BEGIN

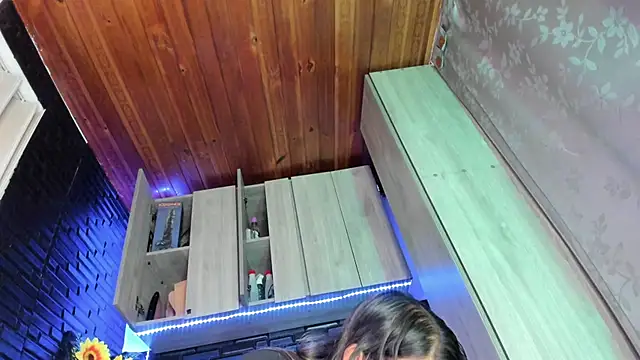 LaureenHills online show from October 2025 03:36:01 AM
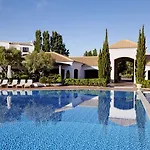 Pine Cliffs Village 5* Αλμπουφέιρα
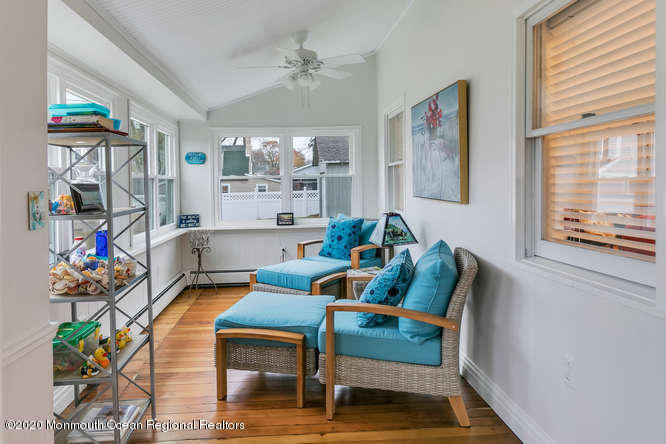 519 Saint Clair Avenue - Photo 2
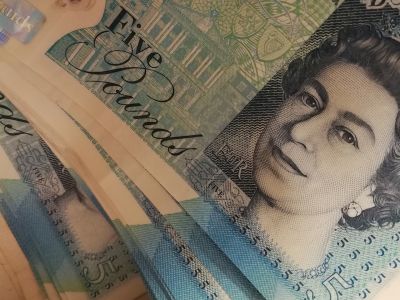 UK: Niektórzy mieszkańcy dostaną 150 funtów zasiłku ba pokrycie kosztów utrzymania
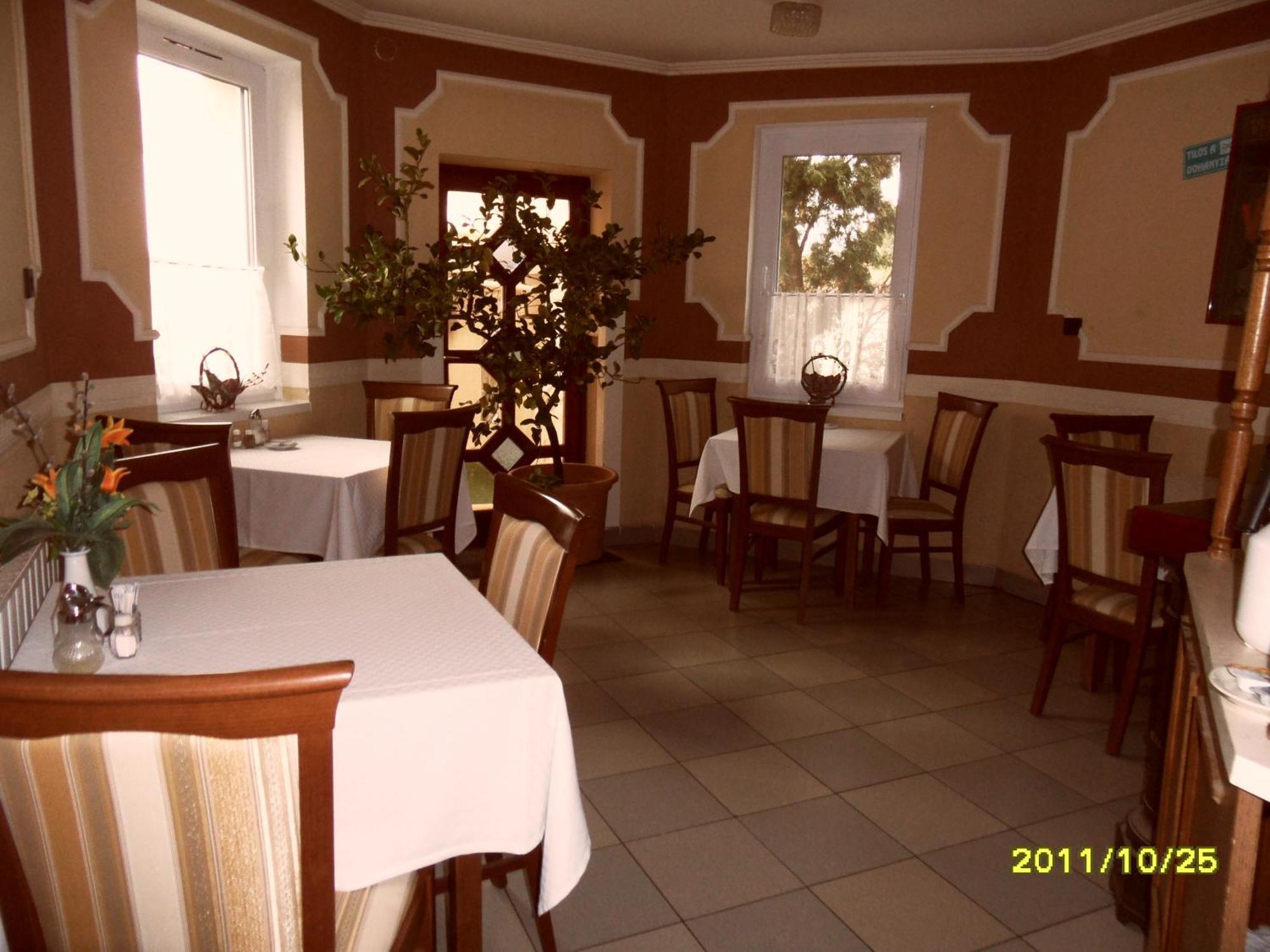 Bed and Breakfast Kalman Panzio Segedín Exteriér fotografie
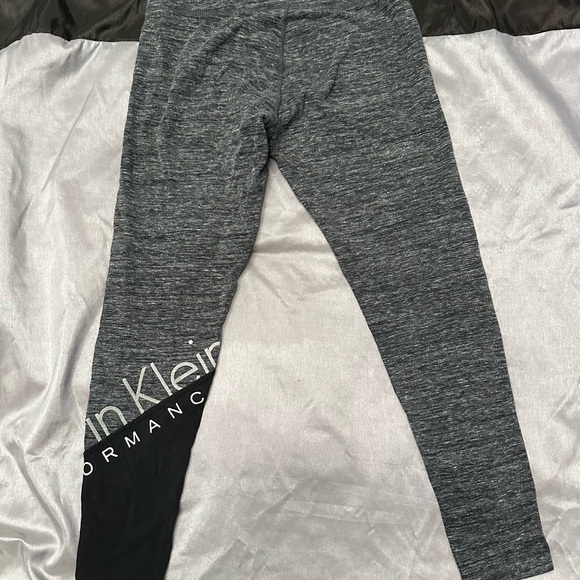 Calvin Klein Performance Leggings - Picture 3 of 7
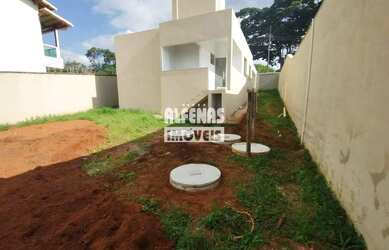 Imagem: A casa possui 3 Dormitórios, 2 Banheiros, 2 Vagas na garagem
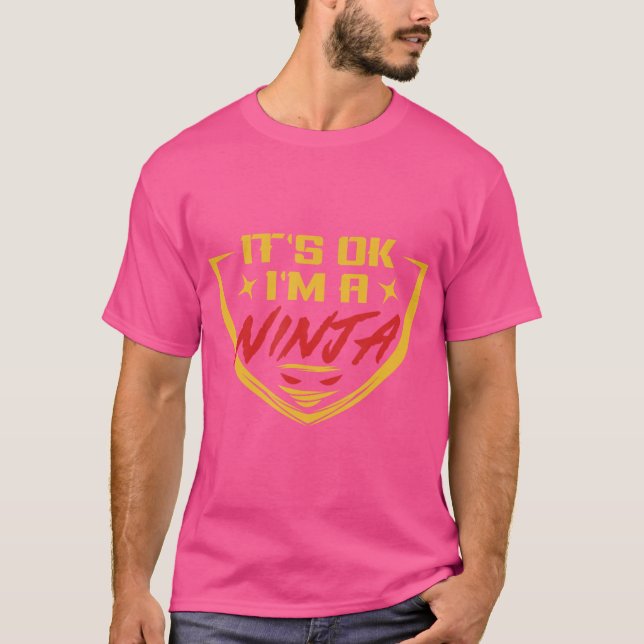 Camiseta Engraçado Guerreiro Ninja Está Tudo Bem, Sou Um Pr (Frente)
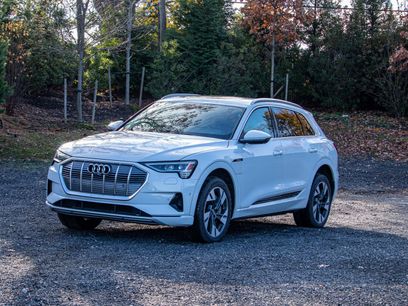 Used 2021 Audi e-tron Premium Plus w/ Premium Plus Package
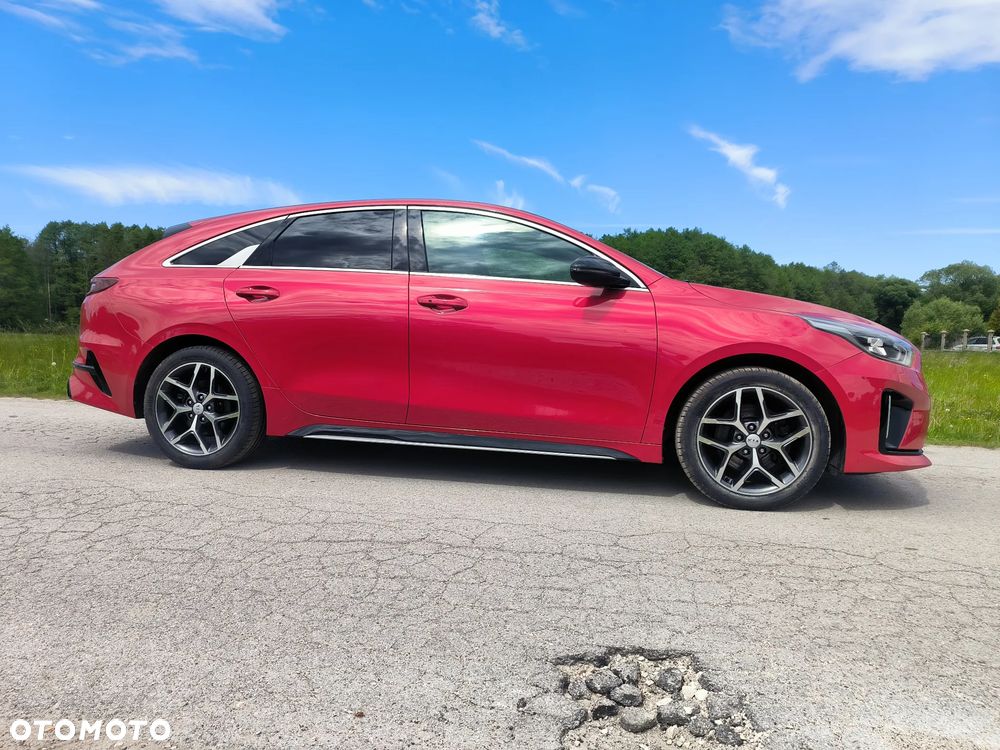 Kia ProCeed - 16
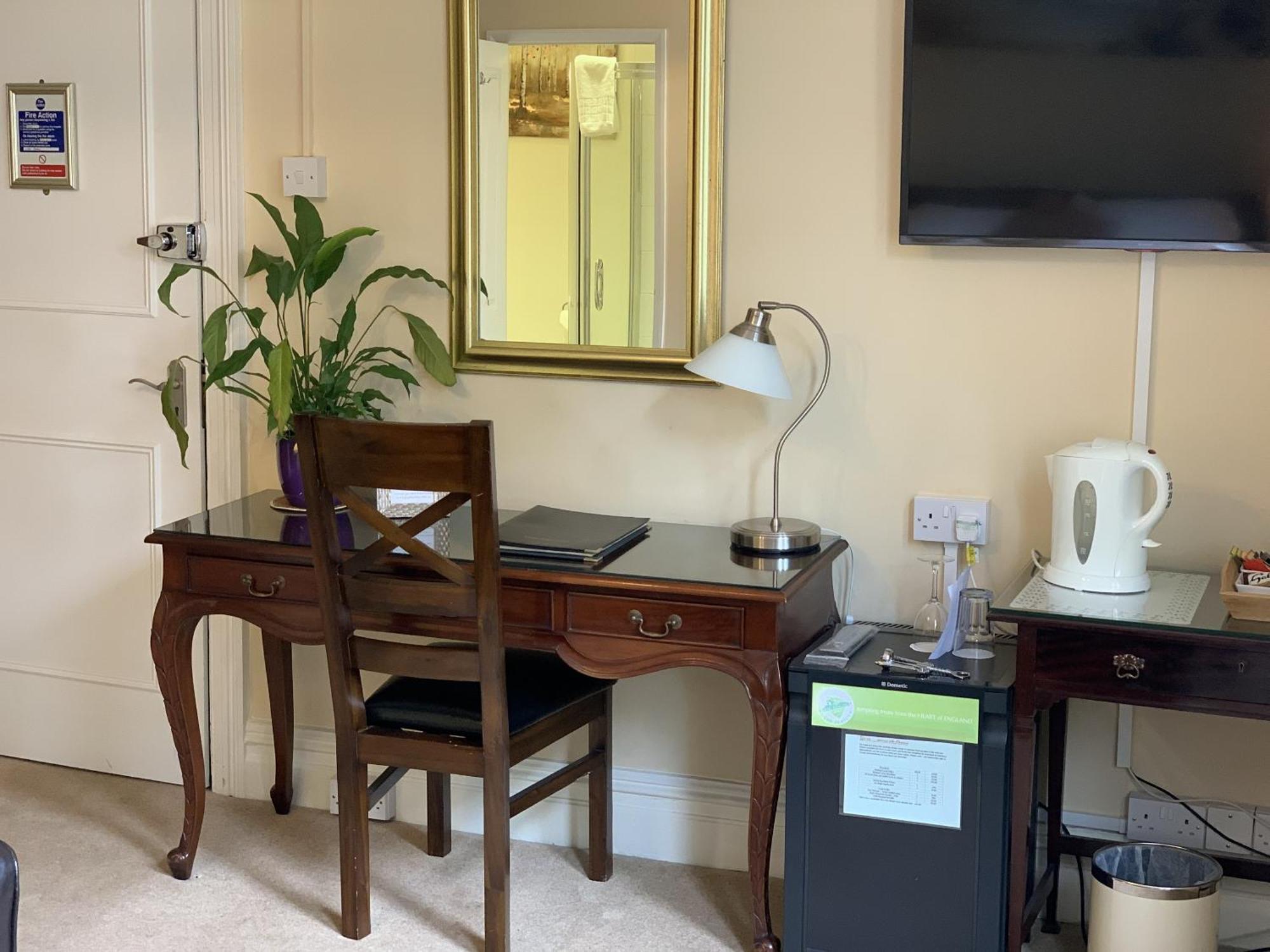 Superior Queen Room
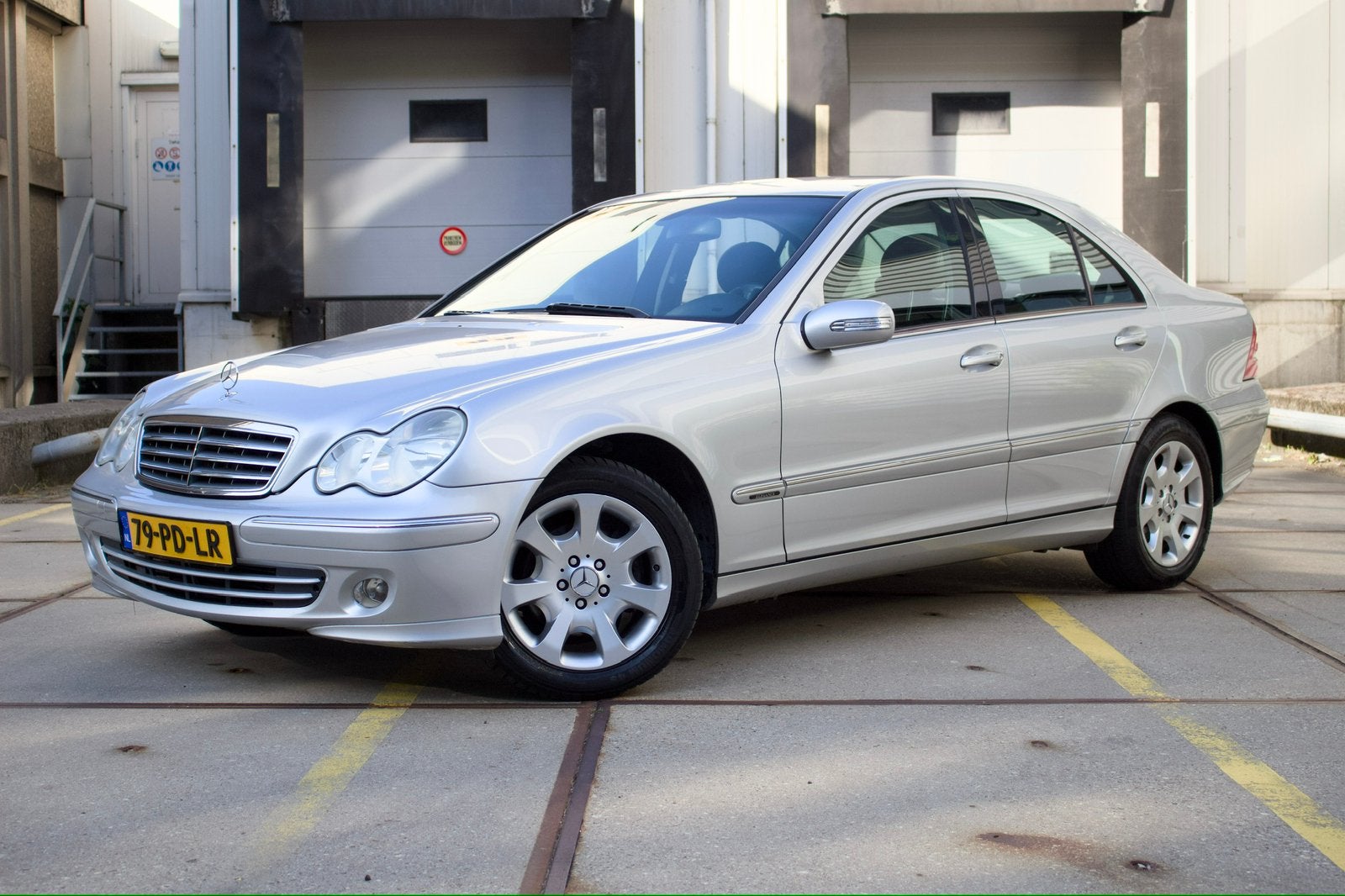 Mercedes C180 Kompressor Automaat | Leder | NAP | CarPlay, Automaat, Achterwielaandrijving, Zwart, 1796 cc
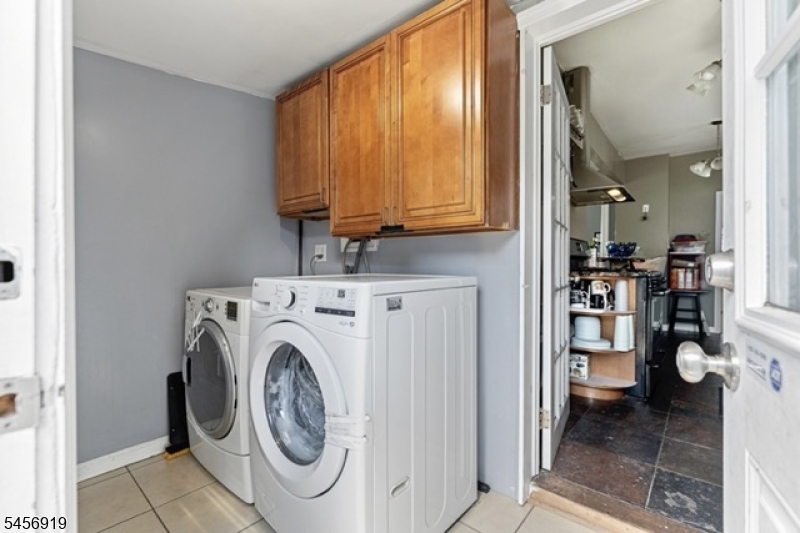 26 Dane St Property Photo 15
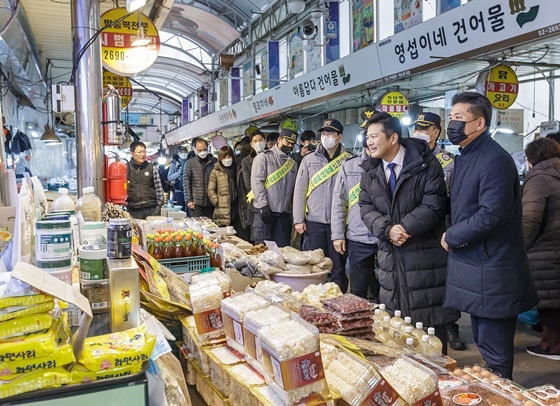 NSP통신-김태우 서울 강서구청장(오른쪽 두 번째)이 김원태 강서경찰서장 등과 함께 우장산동 송화벽화시장을 찾아 점포를 둘러보고 있다. (강서구청)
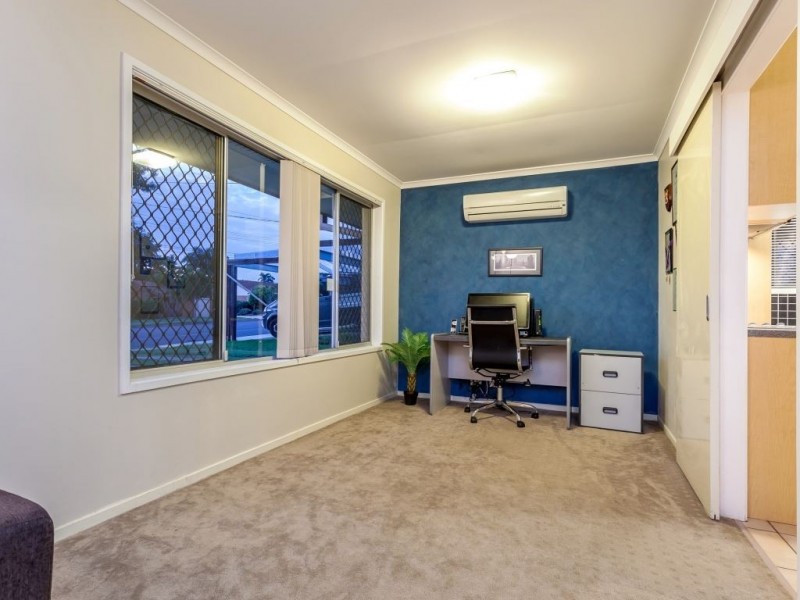 11 Achilles Drive, Springwood QLD 4127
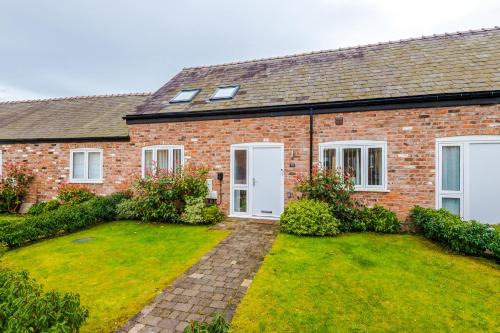 Mollington House | Number 21: A Breathtaking Chester Cottage with Parking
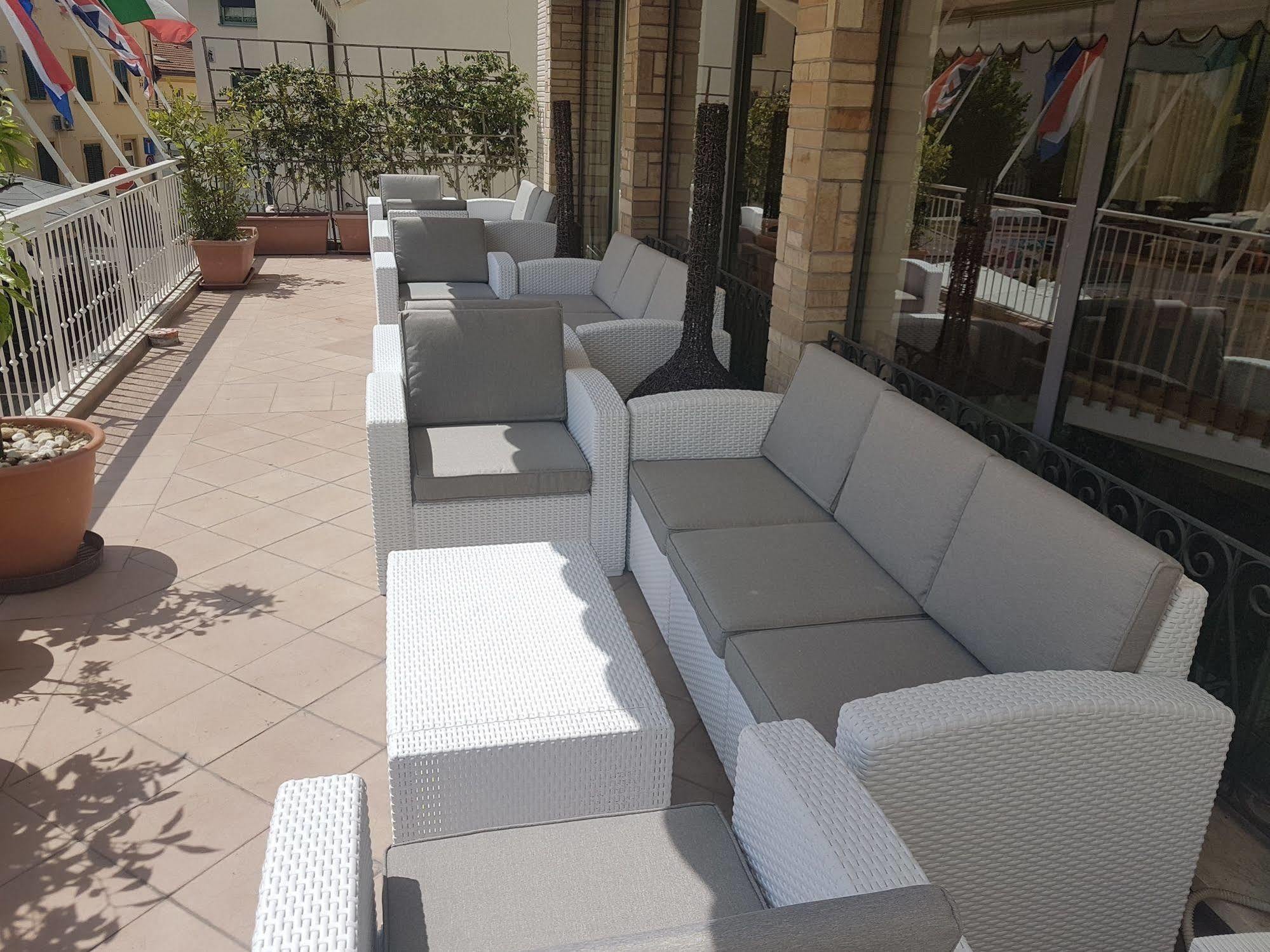 Park Hotel Монтекатини Терме Екстериор снимка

END

# Try it
Would you please repeat each record exactly? Leave the pictures out.

# Task answer
 LaureenHills online show from October 2025 03:36:01 AM
 Pine Cliffs Village 5* Αλμπουφέιρα
 519 Saint Clair Avenue - Photo 2
 UK: Niektórzy mieszkańcy dostaną 150 funtów zasiłku ba pokrycie kosztów utrzymania
 Bed and Breakfast Kalman Panzio Segedín Exteriér fotografie
 Calvin Klein Performance Leggings - Picture 3 of 7
 Imagem: A casa possui 3 Dormitórios, 2 Banheiros, 2 Vagas na garagem
 Camiseta Engraçado Guerreiro Ninja Está Tudo Bem, Sou Um Pr (Frente)
 Used 2021 Audi e-tron Premium Plus w/ Premium Plus Package
 Kia ProCeed - 16
 Superior Queen Room
 Mercedes C180 Kompressor Automaat | Leder | NAP | CarPlay, Automaat, Achterwielaandrijving, Zwart, 1796 cc
 26 Dane St Property Photo 15
 NSP통신-김태우 서울 강서구청장(오른쪽 두 번째)이 김원태 강서경찰서장 등과 함께 우장산동 송화벽화시장을 찾아 점포를 둘러보고 있다. (강서구청)
 11 Achilles Drive, Springwood QLD 4127
 Mollington House | Number 21: A Breathtaking Chester Cottage with Parking
 Park Hotel Монтекатини Терме Екстериор снимка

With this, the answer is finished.